This ensures that the BIOS will always be available and will not be
damaged by disk failures. The BIOS also contains a boot program
that provides the initial instructions to the computer processor at
startup. These initial instructions contained in the boot program
allow the computer to boot itself.
[0004] If the BIOS does not exist or has been corrupted, existing
systems allow the processor to boot from a peripheral component
interconnect (PCI) adapter. This requires a user to open the
housing of the computer to access the PCI adapter. It is typically
undesirable to have a user open the housing of a computer. Even
with trained service personnel, it would be more convenient to boot
the computer without accessing the PCI adapter. This is especially
true with systems having cases that are sealed or difficult to
open, such as notebook computers.
DESCRIPTION OF DRAWINGS
[0005] Features and advantages of the invention will become more
apparent upon reading the following detailed description and upon
reference to the accompanying drawings.
[0006] FIG. 1 illustrates the boot path of a computer according to
the prior art.
[0007] FIG. 2 illustrates the boot path of a computer according to
one embodiment of the present invention.
[0008] FIG. 3 is a flowchart showing the boot process used by a
computer according to one embodiment of the present invention.
DETAILED DESCRIPTION
[0009] FIG. 1 illustrates the boot path 100 of a typical computer
according to the prior art. The boot path includes a central
processing unit (CPU) 105, a chipset 110, and a BIOS EPROM
(erasable programmable read-only memory) 125. When a computer is
first powered on, an initial set of instructions must be executed
to allow the computer to boot itself. The CPU 105 is set to execute
instructions that are located at the top of the computers memory
located within the chipset 110. At power-up, there are typically no
instructions present at these locations. Thus, the computer cycles
forward to the BIOS EPROM 125. The BIOS EPROM 125 contains an
initial set of boot instructions which are transferred to the
chipset 110. The CPU 105 then reads the boot instructions from the
chipset 110 and executes the instructions to boot the computer.

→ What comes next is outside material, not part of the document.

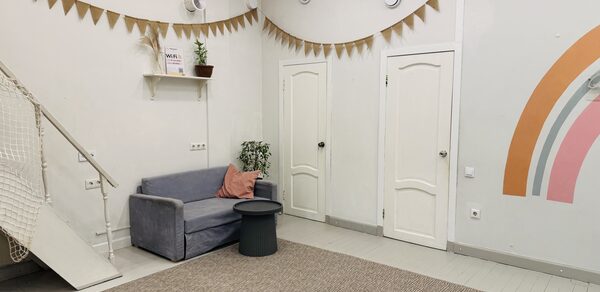 Двухуровневый лофт для детских мероприятий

[0010] If the BIOS EPROM 125 is corrupted or missing, the initial
set of boot instructions cannot be executed by the CPU 105. Thus,
the CPU 105 is unable to boot the computer. In this circumstance,
some computers allow the system to boot from the peripheral
component interconnect (PCI) adapter. To accomplish this, hardware
having a PCI interface is connected to the PCI bus. Because
connections to the PCI bus are located on the computers
motherboard, this procedure requires opening the housing of the
computer.
[0011] FIG. 2 illustrates the boot path 200 of a computer according
to one embodiment of the present invention. The boot path 200
includes the CPU 105, a chipset 210, a Universal Serial Bus (USB)

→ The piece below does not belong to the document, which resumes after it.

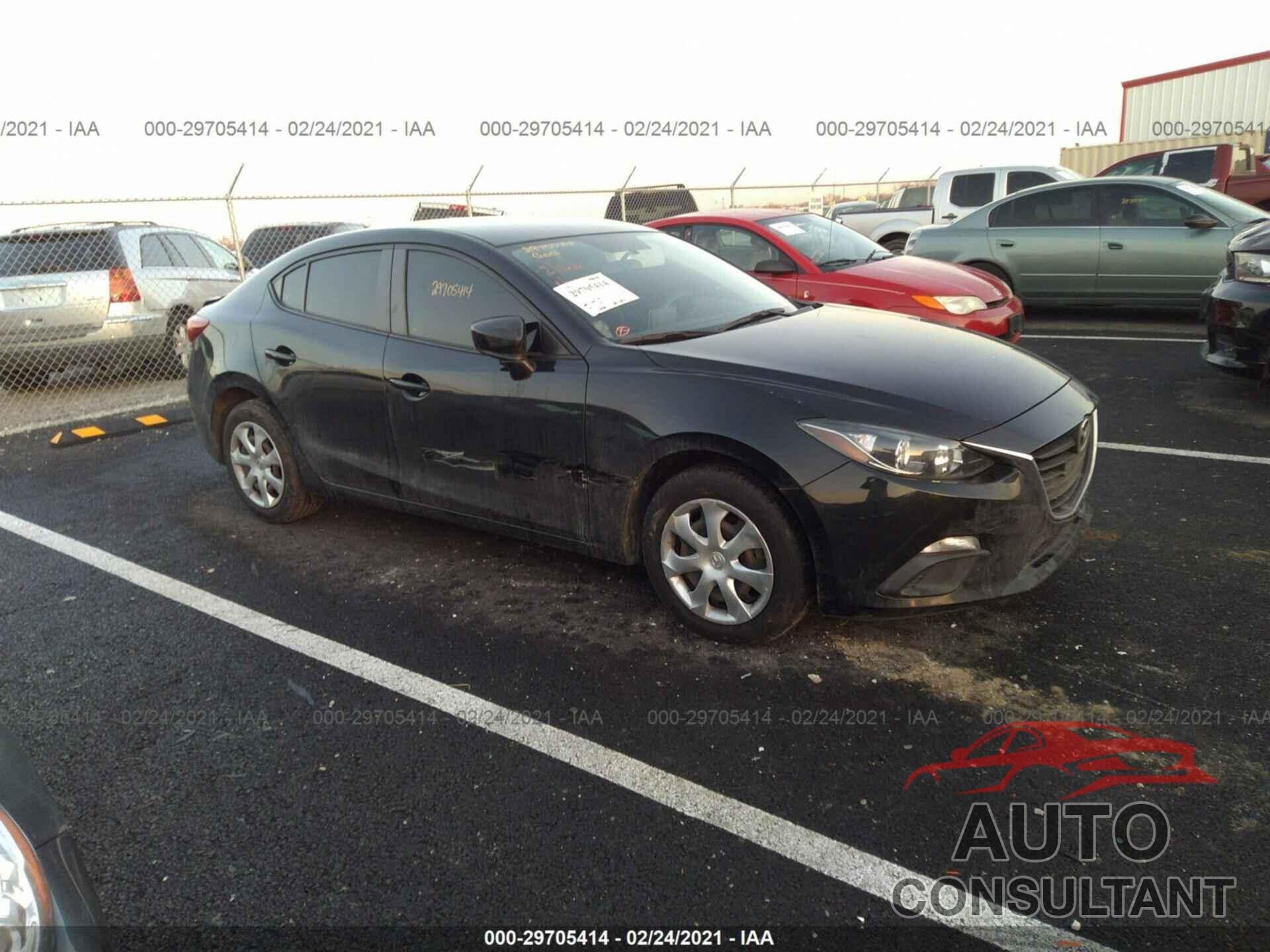 MAZDA MAZDA3 2016 - 3MZBM1T73GM307288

controller 220, a USB device having BIOS instructions 215, and the
BIOS EPROM 125. The USB controller 220 is a bus master device that
can be incorporated within the chipset 210 or may be separate from
the chipset 210. The USB controller 220 may follow the USB
protocol, or may use a different protocol if desired.
[0012] When the computer is powered on, the USB controller 220
checks the USB port of the computer to determine if any connected
USB device contains the BIOS instructions. If the USB device 215
includes BIOS instructions, these instructions are passed via the
USB controller 220 through the chipset 210 to the CPU 105. The CPU
105 can then execute the instructions to boot the computer. Of
course, the instructions on the USB port may be used to program the
BIOS EPROM 125 in a manner known to one of skill in the art.

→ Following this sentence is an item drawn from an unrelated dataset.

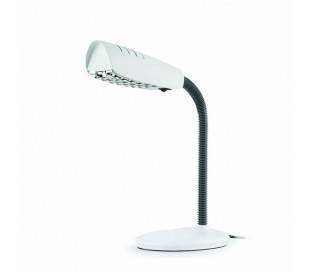 Lampe de bureau YETI PVC intérieur blanc E27 flexo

[0013] If none of the devices connected to the USB port include
BIOS instructions, the USB controller may instruct the computer to
cycle forward to the BIOS EPROM 125. If the BIOS EPROM 124 is
present and not corrupted, the CPU 105 executes the instructions in
the BIOS EPROM 125 to boot the computer.
[0014] The boot process 300 used by a computer according to an
embodiment of the present invention is shown in FIG. 3. The process
begins in a start state 305. Proceeding to state 310, the computer
detects whether a USB controller is present. If no USB controller
is present, the computer does not attempt the boot process 300, but
proceeds with a normal boot process using the BIOS EPROM.
[0015] Proceeding to state 312, the computer attempts to
authenticate any device connected to the USB port. A bootable
device on the USB is capable of reprogramming the BIOS EPROM 125.
The authentication procedure ensures that only an authorized device
is used. Techniques to accomplish the authentication process are
well known in the art, and may include reading a code from the
device connected to the USB port, or a challenge and reply system.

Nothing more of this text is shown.